Task requirements>
Below are the entries. Transcribe exactly the lines from the one with "Kitchen featuring a" through the one with "Eine Terrasse mit", ends included, and leave out all others.

Data records>
- - -

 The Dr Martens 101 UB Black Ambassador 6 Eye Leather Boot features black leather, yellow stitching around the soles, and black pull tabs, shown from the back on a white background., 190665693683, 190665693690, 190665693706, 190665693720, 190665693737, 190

- - -

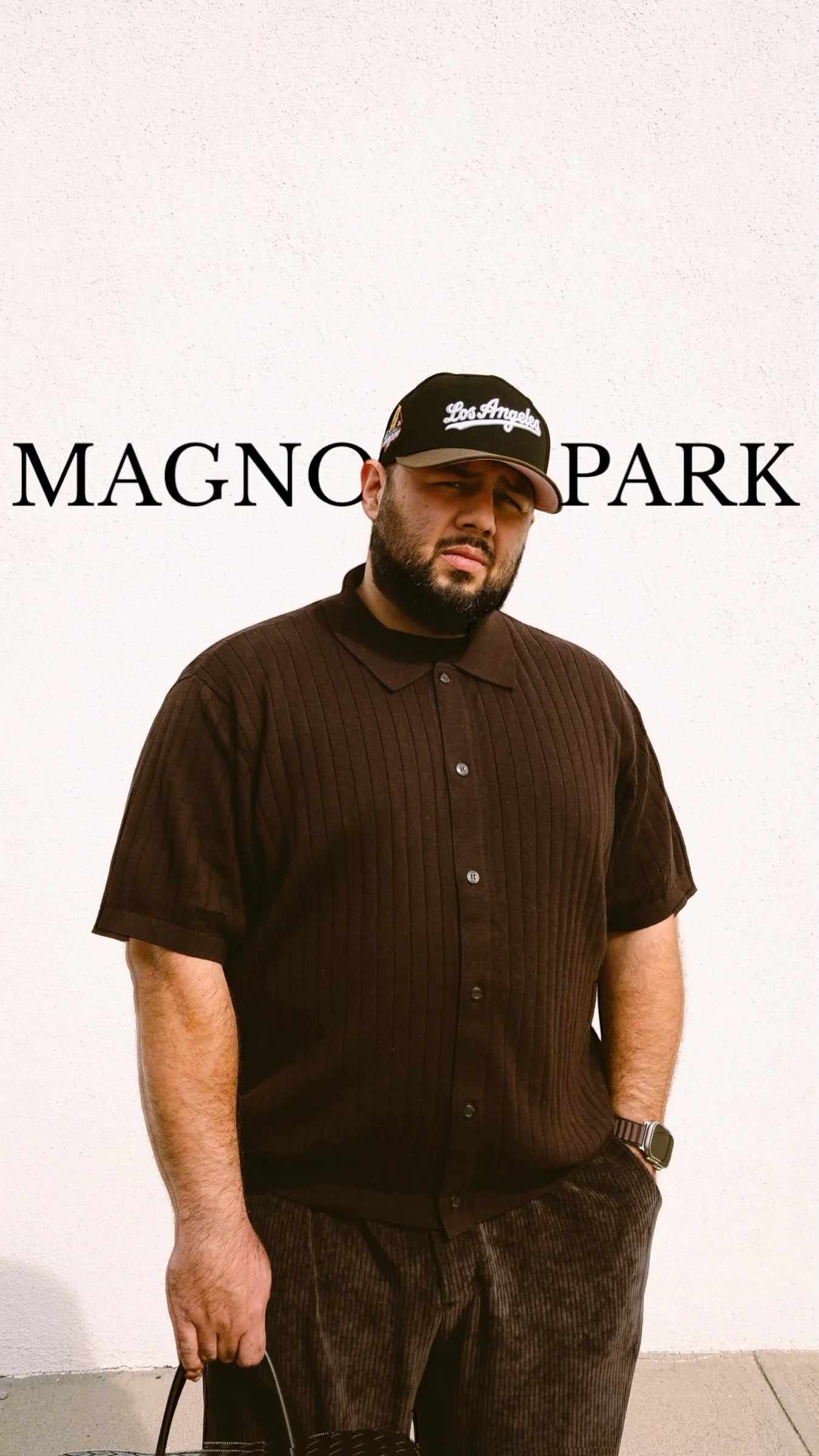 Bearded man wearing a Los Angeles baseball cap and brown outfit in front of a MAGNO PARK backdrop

- - -

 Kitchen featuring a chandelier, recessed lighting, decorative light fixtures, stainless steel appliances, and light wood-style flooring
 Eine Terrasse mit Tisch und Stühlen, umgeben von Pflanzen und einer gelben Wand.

- - -

Your response>
 Kitchen featuring a chandelier, recessed lighting, decorative light fixtures, stainless steel appliances, and light wood-style flooring
 Eine Terrasse mit Tisch und Stühlen, umgeben von Pflanzen und einer gelben Wand.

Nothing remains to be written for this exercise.